Random thread that's been on my mind for a while, about public health communication.

Lots has been said about how official authorities communicated/are communicating about Covid. I think it's pretty widely agreed that it's been a mess -- complicated, shifting, uncertain, etc.
IMO, the very most important thing in communicating health stuff to the public is *clarity*. Messages should be simple, easy to remember, easy to repeat. And to some extent, this should also be true of the public health response itself.
From the beginning, Covid communication was the opposite. Not only bad info, but excessively complicated info & excessively complicated recommendations: you're X% at risk if you're this age, in a room this size, with ventilation this good. Wear masks here but not here, etc.
All this nuance, however well-intended, basically ensured that everyone would be confused, different people would freestyle their own responses, & there would be maximal social tension over all of it, which sure enough, there was.
My thought was always that, from the very beginning, authorities should have imposed clarity, even at the risk of, uh, over-protecting some people. Don't try to "optimize" the response; accept that big, dumb, directionally correct response is the best outcome available.
To wit, in March 2020, the message should have been: "Covid has exceeded X% of the population, so we're all going to wear masks, any time we're indoors or in crowded outdoor spaces. We're all going to do this until the rate of Covid falls back below X%."
This offers people two things: one, the cognitive load of "whether to wear a mask" is gone. Everybody's supposed to wear it. And two, there's a clear metric for when masks can come off, a clear target we can all see, understand, & pursue together.
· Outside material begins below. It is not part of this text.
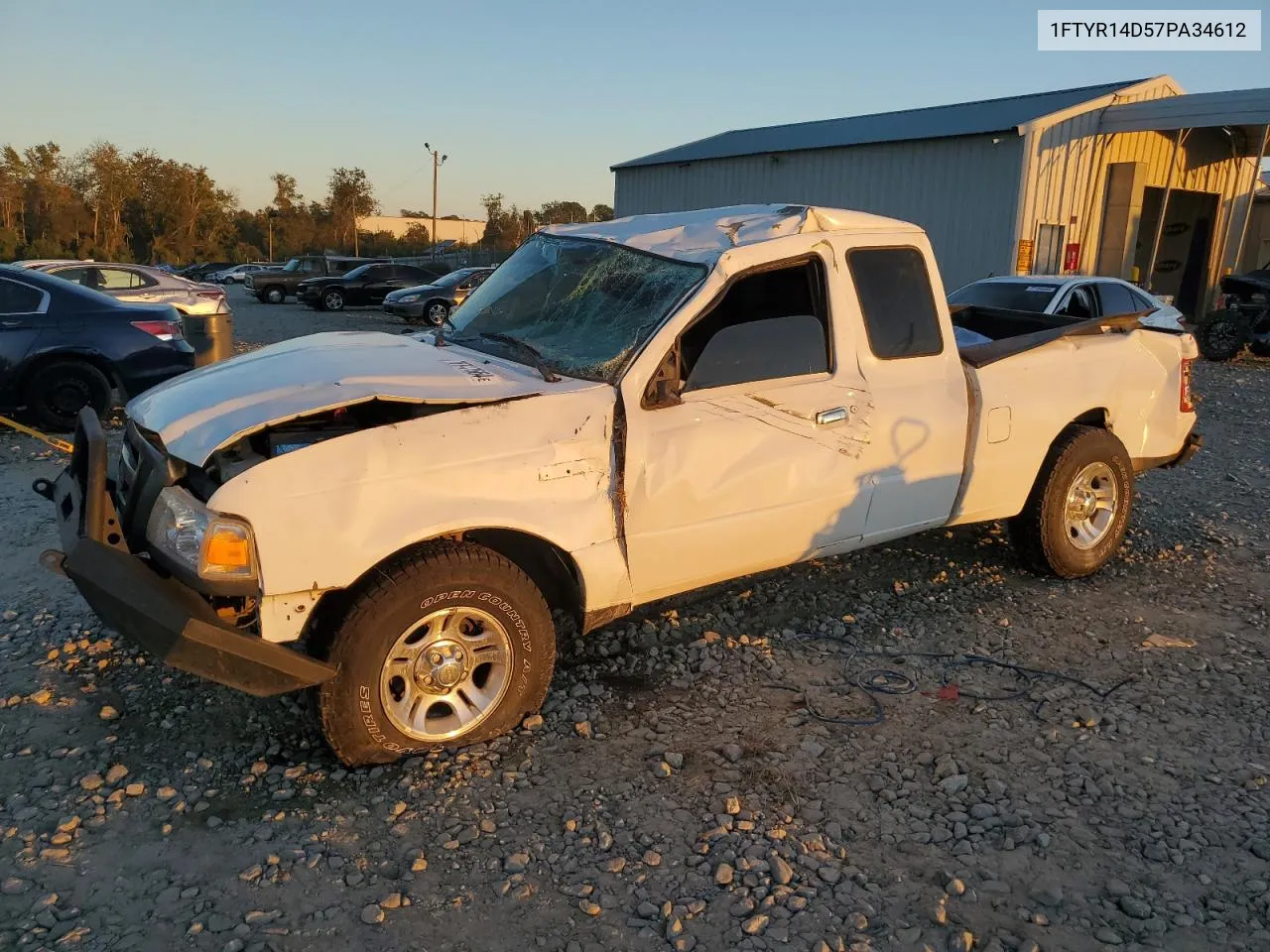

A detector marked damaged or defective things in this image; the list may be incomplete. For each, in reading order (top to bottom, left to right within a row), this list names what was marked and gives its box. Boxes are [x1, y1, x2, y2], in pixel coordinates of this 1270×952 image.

crushed truck roof [541, 204, 919, 265]
shattered windshield [446, 233, 705, 383]
damaged hood [128, 332, 588, 467]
One thing progs always misunderstand about the authoritarian (& authoritarian-lite) personalities on the right: they appreciate authority! They respond to force, to orders. Ambiguity makes them *more* anxious & angry & resistant than simple, clear commands.
The pursuit of a common, transparent metric would also have marshaled more social pressure against anti-vaxxers. "We can't take our masks off until they get their shit together." That's much clearer & more intuitive than the kind of begging & pleading now going on.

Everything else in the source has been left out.